In this case, the output is extrapolated on a cartesian grid and then written in a vti file.

Parameters:
  • filename (str) – the file name of the output (without extension)

  • nx (int) – number of grid points in the x direction

  • ny (int) – number of grid points in the x direction

  • nz (int) – number of grid points in the x direction

writeVTS(filename, nFiles)[source]

This function stores the output on a structured-grid vts file.

Parameters:
  • filename (str) – the file name of the output (without extension)

  • nFiles (int) – number of outpute files (in case of pvts)

magic.graph2vtk.sph2cart_scal(scals, radius, nx=96, ny=96, nz=96, minc=1)[source]

This function interpolates a series of scalar fields from the spherical coordinates to the cartesian coordinates.

Parameters:
  • scals (numpy.ndarray[nscals,nphi,ntheta,nr]) – an array that contains the different scalar quantities

  • radius (numpy.ndarray) – the input radius

  • nx (int) – number of grid points in the x direction

  • ny (int) – number of grid points in the x direction

  • nz (int) – number of grid points in the x direction

  • minc (int) – azimuthal symmetry

Returns:

a tuple that contains the scalars, the max of the grid and the grid spacing

Return type:

(numpy.ndarray[nscals,nz,ny,nx],float,float)

magic.graph2vtk.sph2cart_vec(vecr, vect, vecp, radius, nx=96, ny=96, nz=96, minc=1)[source]

This function interpolates a series of vector fields from the spherical coordinates to the cartesian coordinates.

Parameters:
  • vecr (numpy.ndarray[nvecs,nphi,ntheta,nr]) – the radial components of the different vector fields

  • vect (numpy.ndarray[nvecs,nphi,ntheta,nr]) – the latitudinal components of the different vector fields

  • vecp (numpy.ndarray[nvecs,nphi,ntheta,nr]) – the azimuthal components of the different vector fields

  • radius (numpy.ndarray) – the input radius

  • nx (int) – number of grid points in the x direction

  • ny (int) – number of grid points in the x direction

  • nz (int) – number of grid points in the x direction

  • minc (int) – azimuthal symmetry

Returns:

a tuple that contains the three vectors components

Return type:

(numpy.ndarray[nvecs,nz,ny,nx],…)

Potential extrapolation

class magic.potExtra.ExtraPot(rcmb, brcmb, minc, ratio_out=2.0, nrout=32, cutCMB=False, deminc=True)[source]

This class is used to compute the potential field extrapolation of the magnetic field in an arbitrary outer spherical shell domain. It takes as an input the magnetic field at the CMB.
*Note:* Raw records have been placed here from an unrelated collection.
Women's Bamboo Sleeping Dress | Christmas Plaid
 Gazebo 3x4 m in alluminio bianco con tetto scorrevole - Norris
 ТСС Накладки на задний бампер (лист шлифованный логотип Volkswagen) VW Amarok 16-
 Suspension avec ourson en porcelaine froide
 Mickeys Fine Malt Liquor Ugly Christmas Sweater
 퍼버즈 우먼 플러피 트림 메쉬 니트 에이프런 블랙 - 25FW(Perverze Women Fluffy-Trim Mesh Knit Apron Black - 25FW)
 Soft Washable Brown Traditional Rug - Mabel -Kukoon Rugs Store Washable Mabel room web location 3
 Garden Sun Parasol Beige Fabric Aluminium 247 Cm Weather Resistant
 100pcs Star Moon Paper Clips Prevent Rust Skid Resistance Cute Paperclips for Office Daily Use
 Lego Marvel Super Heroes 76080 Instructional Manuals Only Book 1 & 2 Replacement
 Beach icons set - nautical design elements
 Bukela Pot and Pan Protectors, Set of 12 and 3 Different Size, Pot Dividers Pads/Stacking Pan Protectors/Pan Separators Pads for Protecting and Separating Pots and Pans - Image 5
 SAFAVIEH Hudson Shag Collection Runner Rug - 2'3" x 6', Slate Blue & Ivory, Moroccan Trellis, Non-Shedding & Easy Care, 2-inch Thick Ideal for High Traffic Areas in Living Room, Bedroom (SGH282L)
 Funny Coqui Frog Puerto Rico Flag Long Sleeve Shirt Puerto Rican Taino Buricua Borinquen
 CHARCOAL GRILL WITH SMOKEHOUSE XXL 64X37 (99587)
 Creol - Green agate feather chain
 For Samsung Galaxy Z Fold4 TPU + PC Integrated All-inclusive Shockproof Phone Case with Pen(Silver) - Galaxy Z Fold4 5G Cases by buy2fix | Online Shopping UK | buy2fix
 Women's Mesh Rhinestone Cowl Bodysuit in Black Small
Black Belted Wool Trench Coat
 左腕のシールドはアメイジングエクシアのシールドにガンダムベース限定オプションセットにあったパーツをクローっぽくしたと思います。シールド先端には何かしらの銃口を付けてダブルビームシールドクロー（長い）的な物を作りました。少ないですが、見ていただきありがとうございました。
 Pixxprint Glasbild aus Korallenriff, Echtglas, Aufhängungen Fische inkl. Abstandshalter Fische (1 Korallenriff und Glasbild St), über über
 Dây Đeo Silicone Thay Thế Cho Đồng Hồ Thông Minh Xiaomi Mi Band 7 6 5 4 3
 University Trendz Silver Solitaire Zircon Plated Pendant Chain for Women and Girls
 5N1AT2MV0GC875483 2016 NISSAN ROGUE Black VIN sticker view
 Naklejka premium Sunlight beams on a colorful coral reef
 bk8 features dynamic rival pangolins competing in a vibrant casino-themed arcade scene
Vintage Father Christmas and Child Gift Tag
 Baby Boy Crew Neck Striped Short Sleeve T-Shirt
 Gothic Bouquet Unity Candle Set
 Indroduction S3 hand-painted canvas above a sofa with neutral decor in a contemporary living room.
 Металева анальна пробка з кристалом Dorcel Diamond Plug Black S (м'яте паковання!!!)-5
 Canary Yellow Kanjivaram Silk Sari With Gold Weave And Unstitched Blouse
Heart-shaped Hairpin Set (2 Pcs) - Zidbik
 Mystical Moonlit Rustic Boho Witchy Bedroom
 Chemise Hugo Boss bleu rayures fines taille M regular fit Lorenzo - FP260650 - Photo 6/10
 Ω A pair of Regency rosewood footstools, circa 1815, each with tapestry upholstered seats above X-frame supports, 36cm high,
__init__(rcmb, brcmb, minc, ratio_out=2.0, nrout=32, cutCMB=False, deminc=True)[source]
Parameters:
  • bcmb (numpy.ndarary) – the surface radial field, array of dimension [np, nt]

  • rcmb (float) – the value of the radius at the surface

  • minc (int) – azimuthal symmetry

  • ratio_out (float) – the ratio of the outer sphere radius to the surface radius

  • nrout (int) – the number of radial point (linearly spaced) of the extrapolated field in the outer spherical domain

  • cutCMB (bool) – a logical if one wants to remove the first grid point (useful if one then wants to merge the graphic file with the extrapolation)

  • deminc (bool) – a logical to indicate if one wants do get rid of the possible azimuthal symmetry

__weakref__

list of weak references to the object (if defined)

avg(field='br', levels=12, cm='RdYlBu_r', normed=True, vmax=None, vmin=None)[source]

A small routine to plot the azimuthal averages of the extrapolated fields.

Parameters:
  • field (str) – the quantity you want to plot: ‘br’ or ‘bp’

  • levels (int) – the number of contour levels

  • cm (str) – the name of the colormap

  • vmax (float) – maximum value of the contour levels

  • vmin (float) – minimum value of the contour levels

  • normed (bool) – when set to True, the colormap is centered around zero. Default is True, except for entropy/temperature plots.